La justice parvient à fonctionner, ensuite, parce que les magistrats, les greffiers, tous les professionnels de la justice ont un grand sens du service public, ils sont attachés à leur mission au service de leurs concitoyens. Ce levier n'est cependant pas illimité : depuis des années, nous demandons à chacun d'en faire plus pour combler les manques d'effectifs, tout le monde a travaillé davantage - nous sommes au maximum et nous faisons face à des risques psycho-sociaux avérés, sur lesquels nous devons être très vigilants. Dans ces conditions, nous devons hiérarchiser les priorités, en traitant d'abord les dossiers les plus urgents et en faisant attendre ceux qui nous paraissent moins urgents : ce n'est guère satisfaisant.
Que faire ? Je crois, d'abord, que nous avons besoin d'une gestion plus stable et prévisionnelle du nombre de magistrats. On recrutait moins de 200 magistrats il y a cinq ans et on en recrutera 366 cette année. Pourquoi de tels à-coups alors que la pyramide des âges est parfaitement connue et qu'il est facile d'anticiper ? La conférence des présidents de tribunaux de grande instance souhaite, également, des changements dans les méthodes de travail elles-mêmes : il faut sortir du modèle du « juge artisan » et reconnaître que le magistrat travaille en équipe, avec des assistants, des collaborateurs.

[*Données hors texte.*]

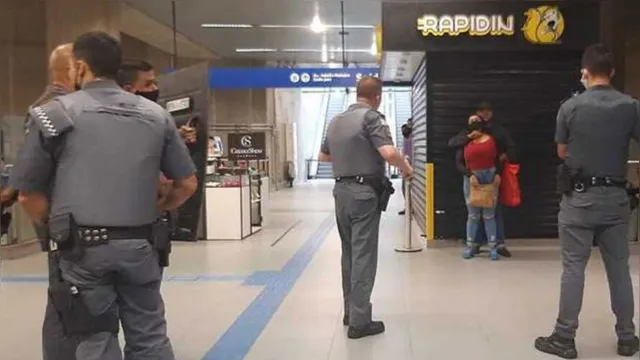 Imagem ilustrativa da notícia Tensão e perigo: homem armado faz mulher de refém em metrô de São Paulo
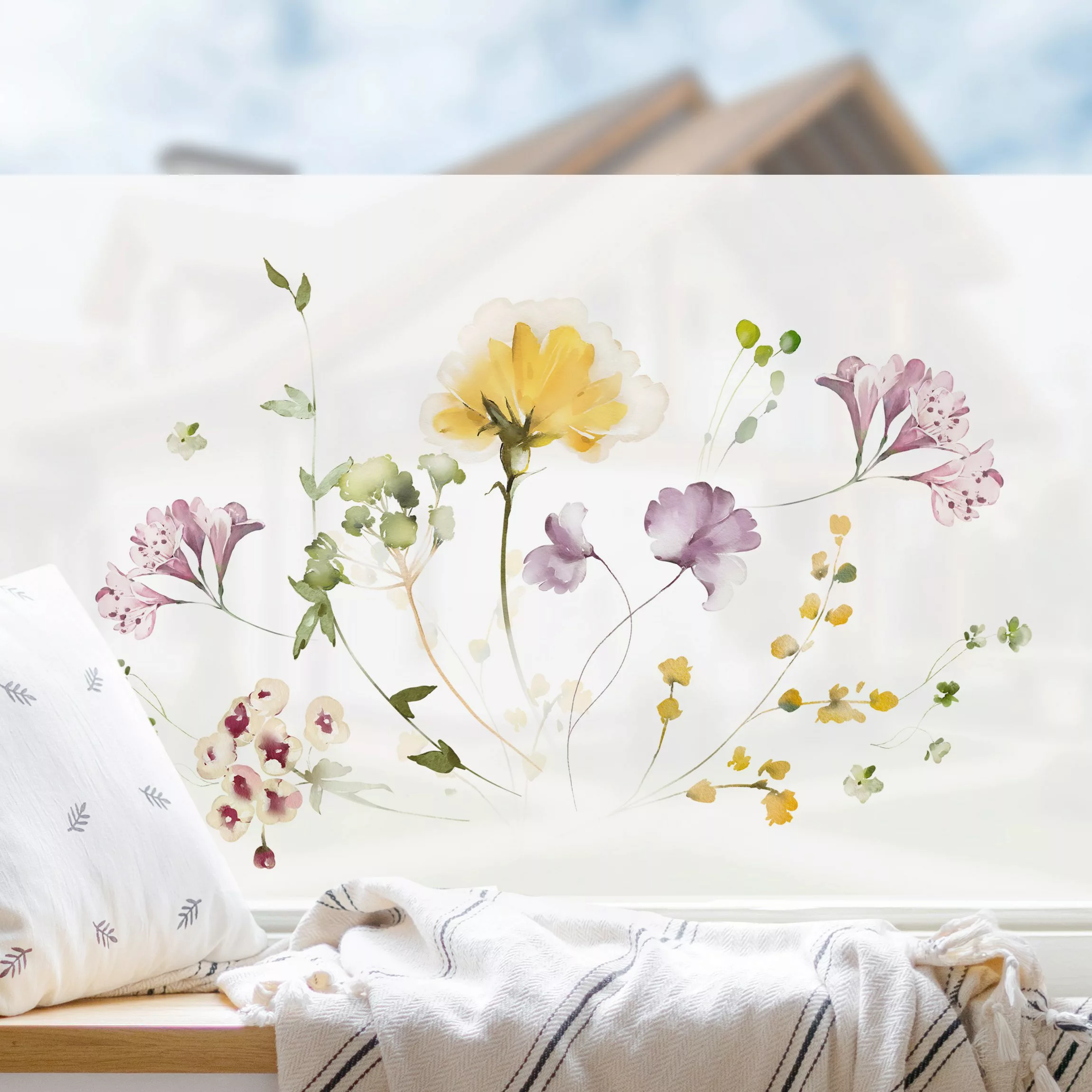 Fensterfolie Zarte Aquarellblüten Violett-gelb günstig online kaufen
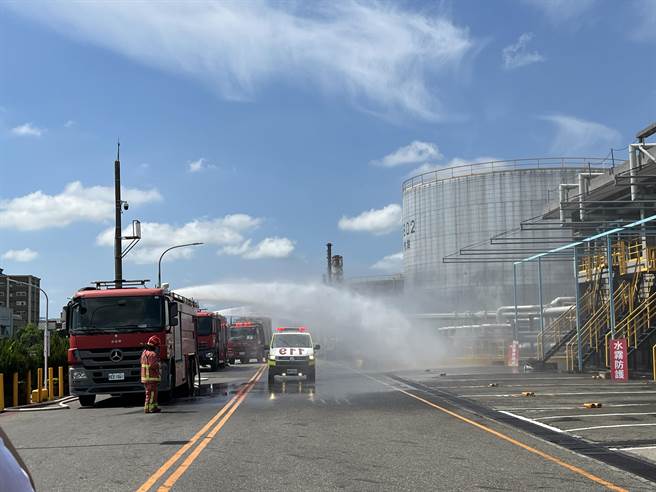 桃园炼油厂灾害救援演练。(蔡依珍摄)
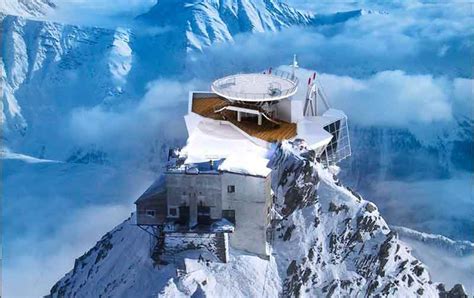 Vista panoramica mozzafiato dal Monte Bianco con cime innevate e cielo azzurro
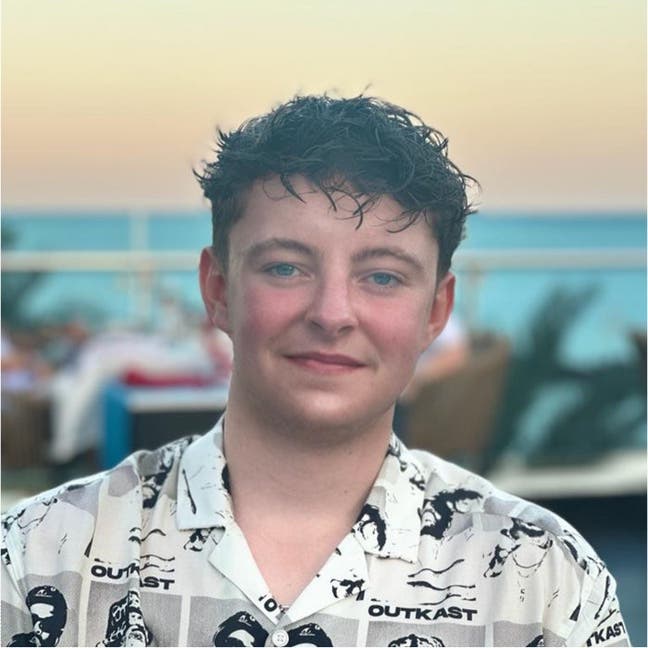 Professional Male seeks a double room Main Photo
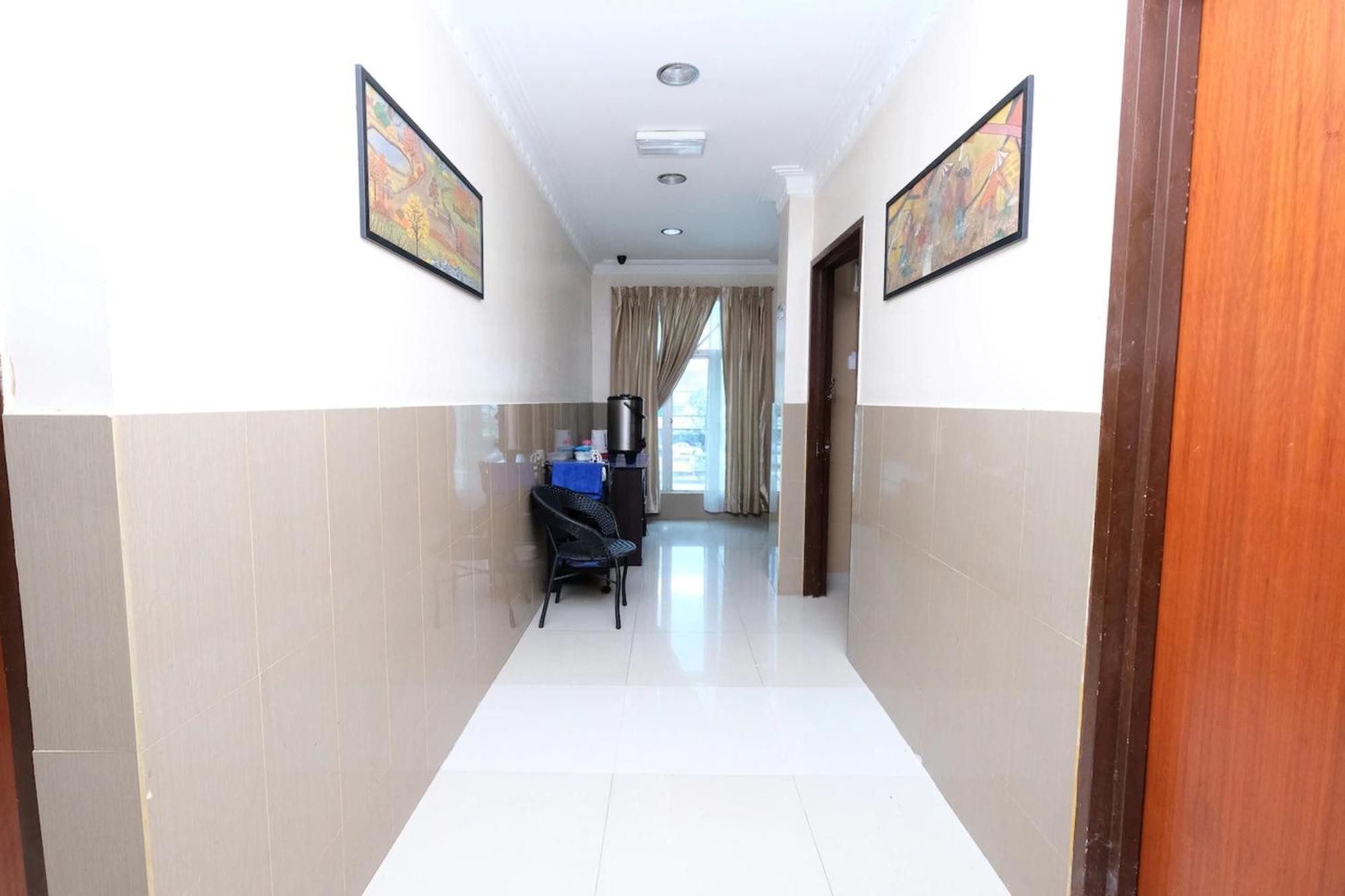 Super Oyo 707 Ayuni Hotel Банги Экстерьер фото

Nos moyens budgétaires sont très insuffisants et leur mode d'administration n'est pas adapté : les gestionnaires du budget opérationnel de programme, le BOP, dont nous dépendons, nous demandent constamment de faire des économies sans mesurer l'impact de leurs décisions, je pense en particulier aux économies sur la documentation, les codes. Nous payons en retard les experts, les interprètes auxquels nous recourons, notre informatique est mauvaise, déficiente : c'est cela que nous vivons au quotidien dans les tribunaux de grande instance.
La conférence des présidents des tribunaux de grande instance propose de revoir l'architecture de l'organisation administrative de la justice. Il faut, premier élément, instituer le tribunal de première instance, qui mettra fin à la balkanisation de la justice et nous fera retrouver un peu de cohérence. Actuellement, nous sommes administrés par des plateformes trans-directionnelles peu pertinentes - par exemple entre la justice judiciaire et l'administration pénitentiaire - ou par des budgets opérationnels de programme inter-régionaux dont la cote est nécessairement mal taillée : la gestion administrative est déliée de l'aspect juridictionnel de nos missions... Or nous avons des propositions organisationnelles pour retrouver de la cohérence.
Enfin, nous souhaitons vous alerter sur le périmètre de nos missions, qui relève directement de votre rôle de législateur. Attention aux mesures qui accroissent nos missions sans mesure d'impact préalable ! Dans la loi « Macron », par exemple, il a été question de transférer une partie des compétences de l'inspecteur du travail vers le juge judiciaire : nous vous en avons alertés, cette mesure n'avait pas du tout été évaluée et elle aurait encore alourdi notre charge de travail. Même chose pour la juridiction du pôle social : il faut certainement transformer en juridiction véritable le tribunal des affaires sociales, mais quelles en sont les conséquences organisationnelles ? Cette réforme passe par l'institution d'un règlement amiable en amont : pourquoi ne pas l'anticiper en l'appliquant dès l'an prochain ? Cela désengorgerait la justice, dans l'intérêt des justiciables.